Of course, adjustments can only affect the game so much. You need horses to run the race, and Hope has made a habit of recruiting a series of sanguine thoroughbreds. Six of the team’s starters are at or over the six-foot mark, including 6-5 senior midfielder Jack McNamara and 6-3 sophomore LSM Tyler Berens. The latter of which is one of the team’s sharpest weapons, racking up a team-leading 45 caused turnovers, 57 ground balls, and 10 points so far this season.

Leading goal scorer Gibson Heethuis has 139 points, a 78-percent on cage shot rate, six game-winning goals and four man-up goals. He leads the team in all those statistics.

The two-way game is where the Flying Dutchmen lean into its nominative determinism.

“The biggest thing we are looking for is toughness,” Schanhals said. “We literally climb over a snowbank to get to our plowed field to play for most of the year. We have a senior middie from San Diego, Calif., and he’s as tough as they come. But that’s not everybody. From a lacrosse standpoint, they really have to love it, and they have to be tough.”
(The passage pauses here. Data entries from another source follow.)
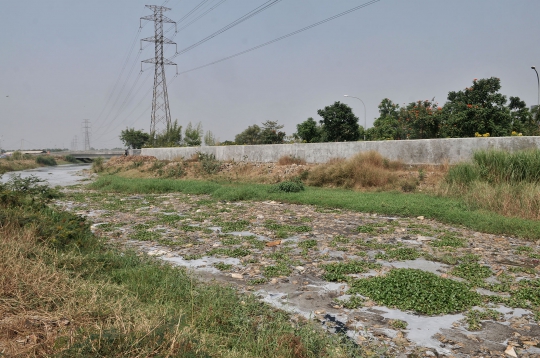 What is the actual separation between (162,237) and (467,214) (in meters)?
6.79

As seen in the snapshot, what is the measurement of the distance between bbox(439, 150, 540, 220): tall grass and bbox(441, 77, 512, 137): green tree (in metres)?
8.41

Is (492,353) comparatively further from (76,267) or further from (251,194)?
(251,194)

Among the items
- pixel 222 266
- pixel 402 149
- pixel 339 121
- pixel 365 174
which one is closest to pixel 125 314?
pixel 222 266

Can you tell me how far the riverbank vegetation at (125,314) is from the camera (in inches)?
124

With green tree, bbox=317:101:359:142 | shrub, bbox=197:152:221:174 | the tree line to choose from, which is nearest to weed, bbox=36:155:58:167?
the tree line

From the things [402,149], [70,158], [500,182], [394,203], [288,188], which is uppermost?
[402,149]

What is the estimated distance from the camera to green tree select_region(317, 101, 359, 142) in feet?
92.7

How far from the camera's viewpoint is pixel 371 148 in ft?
58.5

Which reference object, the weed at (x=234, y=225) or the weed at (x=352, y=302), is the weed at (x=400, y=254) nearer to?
the weed at (x=352, y=302)

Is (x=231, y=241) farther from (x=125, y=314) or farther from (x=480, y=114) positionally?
(x=480, y=114)

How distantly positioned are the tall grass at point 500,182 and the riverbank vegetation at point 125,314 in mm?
7509

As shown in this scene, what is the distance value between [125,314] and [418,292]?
3.44 metres

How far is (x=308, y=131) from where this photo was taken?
1362 inches

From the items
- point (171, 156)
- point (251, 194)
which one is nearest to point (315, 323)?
point (251, 194) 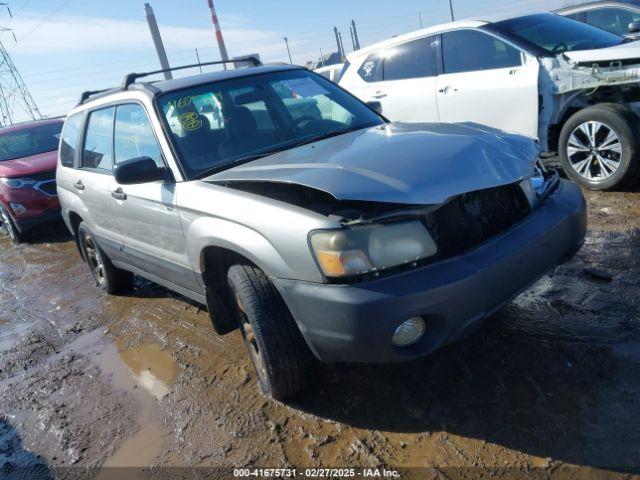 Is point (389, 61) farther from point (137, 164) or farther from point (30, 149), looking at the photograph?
point (30, 149)

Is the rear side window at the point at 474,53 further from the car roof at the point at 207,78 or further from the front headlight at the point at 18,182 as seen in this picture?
the front headlight at the point at 18,182

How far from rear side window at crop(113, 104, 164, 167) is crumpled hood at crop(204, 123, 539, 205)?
0.69 meters

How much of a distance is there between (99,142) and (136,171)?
149 centimetres

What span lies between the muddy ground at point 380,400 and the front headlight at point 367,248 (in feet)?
2.73

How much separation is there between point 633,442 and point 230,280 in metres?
1.89

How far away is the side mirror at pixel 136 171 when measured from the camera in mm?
2779

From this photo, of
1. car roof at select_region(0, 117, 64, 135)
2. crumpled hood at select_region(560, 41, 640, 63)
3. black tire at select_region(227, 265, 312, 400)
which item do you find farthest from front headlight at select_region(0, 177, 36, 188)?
crumpled hood at select_region(560, 41, 640, 63)

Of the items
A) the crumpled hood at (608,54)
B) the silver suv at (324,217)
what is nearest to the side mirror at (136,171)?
the silver suv at (324,217)

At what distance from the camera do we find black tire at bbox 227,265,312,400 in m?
2.42

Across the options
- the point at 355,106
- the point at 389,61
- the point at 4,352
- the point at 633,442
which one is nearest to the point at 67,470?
the point at 4,352

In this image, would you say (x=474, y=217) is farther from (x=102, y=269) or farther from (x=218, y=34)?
(x=218, y=34)

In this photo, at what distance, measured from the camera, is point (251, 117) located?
329cm

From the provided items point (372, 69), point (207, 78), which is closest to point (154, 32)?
point (372, 69)

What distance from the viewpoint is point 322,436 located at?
2.43 metres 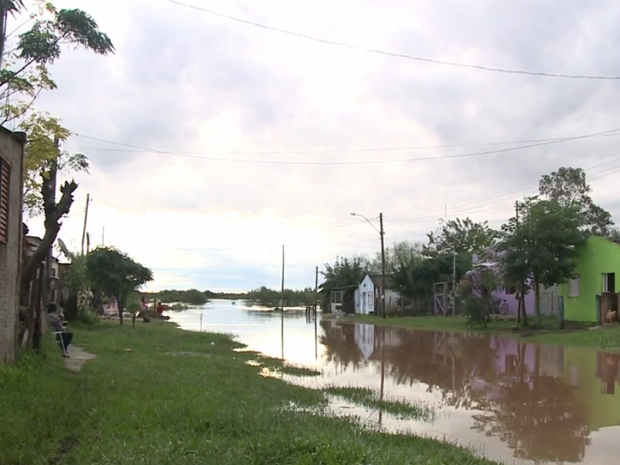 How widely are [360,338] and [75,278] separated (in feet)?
51.8

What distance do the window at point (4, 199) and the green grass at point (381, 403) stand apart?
7.66m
The huge anomaly when you go through this team’s data is its complete lack of man-up opportunities. They have nine extra-man goals all season, a stat that makes, quite literally, zero sense when you have played 20 games, much less gone undefeated over many tilts.

“I think the first thing is that we missed the goal,” said Schanhals with a wry chuckle. “The second thing is that over the course of the season, we haven’t been fouled a lot. I mean, we're fouling everybody, but our Midwest refs are a little different from the East. We’re really physical, so we are in the box all the time. But sometimes it is a situational thing where we will score right when the man-up is over to take time off the clock; there is context to it, but mostly it’s because we missed.”

“Grit” is an overused term, but it applies to how this squad attacks each game. When the team’s projected faceoff man was injured early in the season, senior attackman Jackson Early stepped up to take draws against five other faceoff guys in practice and then ended up winning 119 of his 223 draws to lead the team.

“We were thinking we would be a little bit more traditional with our faceoff roles, but our incoming freshman got hurt playing football in the fall,” Schanhals said. “He came back but wasn't fully recovered, so our attackman last year, who had taken faceoffs in high school, has been taking them for us because he can win the clamp against the rest of our guys, so it has created a healthy competition for that spot. We thought, ‘Let’s use our depth and our athleticism and run different guys through that spot.’ Jack is a heart-and-soul type dude for our team.”

Aristotle was wrong. Hope is not a waking dream. It’s a sandpaper-rough squad from Michigan that, ultimately, wants to kick your teeth in.

“I tell our guys to control what we can control,” Schanhals said. “What we can control is how we work. We need to come up with a good game plan, and we need to work it. These guys are disciplined, and they help one another. When you see a team disintegrate or have a bad run, how quick are they to rally and get behind each other on the fly? That’s the thing I'm most proud of this last week; we were pushed and challenged, and we just soaked it and kept chopping. We’re not going to roll out there and trick them or something like that. We have to line up and play ball.”